Hay una canción de Sabina que me gusta mucho porque pienso que habla de mí, aunque en realidad no. Cuenta la historia de un tipo que se enamora de una mujer en una ciudad costera de España. En una estrofa canta que ella le dibuja un corazón en la espalda con la punta del dedo índice y él, para devolverle el gesto, le acaricia la pierna por debajo de la pollera, que él llama falda. Era una noche de verano, según cuenta Joaquín, y todo termina en un hotel y a los besos. La parte melanco llega cuando un año más tarde vuelve a buscar a su amada para otro revolcón veraniego pero ella ya no está ahí; y el bar bohemio en donde se escribieron mensajes secretos sobre la piel es ahora la sucursal de un banco yanqui. Bajón.

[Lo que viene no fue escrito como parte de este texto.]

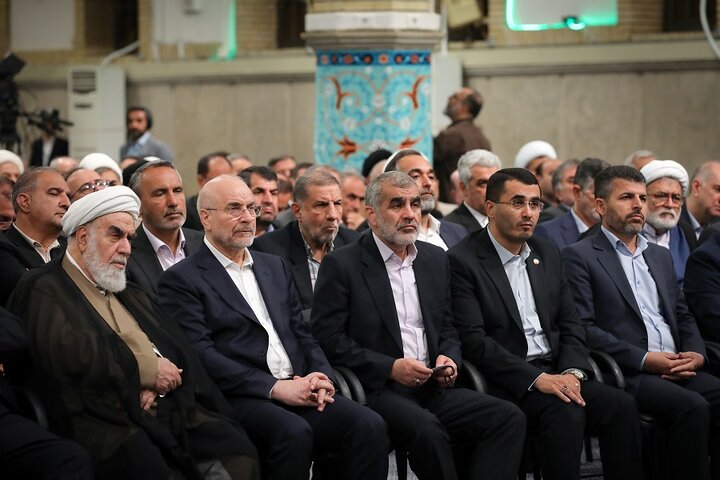 دیدار نمایندگان مجلس شورای اسلامی با رهبر انقلاب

Tuve algunos amores de verano como los de Sabina. Elegimos, en vez de la piel, WhatsApp o Messenger para los mensajes y algo me dice que nos faltó poesía comparado a esa calentura que describe en “Y nos dieron las diez”. De todos modos, para mí, fueron una peli y, de haber podido, hubiese escrito una canción igual de cachonda; para que, cuando la escucharan se acordaran de mí y dijeran: “A esa piba la conozco y esa canción habla de mí”, y sus amigues les dijeran que estaban flasheando, pero ellos sabrían que no.
Algunas veces me pongo a pensar sobre qué pasaría si me tomara un micro o un avión y volviese a buscar a mis romances de verano. Hago memoria y por momentos no recuerdo cómo fue que terminó todo y por qué esas historias no tuvieron otro final, más feliz o, en realidad, más duradero. Supongo que todos guardamos en la billetera alguna elección importante a la cual regresamos para pensar “qué hubiese pasado si…”, como si las cosas se mantuvieran estáticas en el tiempo y nos pertenecieran de alguna forma, porque estuvimos ahí; o como si nuestras decisiones fueran, después de todo, tan importantes.
Pero aunque sé que mis amores de verano no resultaron en ningún poema, ni película; aunque los olvidé más rápido de lo que me gusta admitir y aunque, si tengo que ser honesta, algunos me irritaban en igual medida que me atraían; confieso que guardo con receloso cuidado algunos recuerdos que le darían a Sabina material para otro temón. Una visita sorpresa al otro lado del Atlántico, un teléfono escrito en un billete de 20 reales, un beso en la rambla miramarense o un chape en una hamaca paraguaya.
No hay que menospreciar a los amores pasajeros, nada de “‘solo’ eso fue, achuuú…”, como dice Airbag. Fueron importantes. Por eso, quién te dice y un día vuelvo y les toco la puerta y los invito a tomar un vermouth, un gin tonic, o el trago que esté de moda. Quién te dice y envejezco en algún pueblo mexicano tomando mezcal con mi amor de verano de agosto del año del jopo; o un día de estos finalmente me inspiro y les hago una canción a ver si se enteran de que todavía, y siempre, es verano en algún lugar del mundo.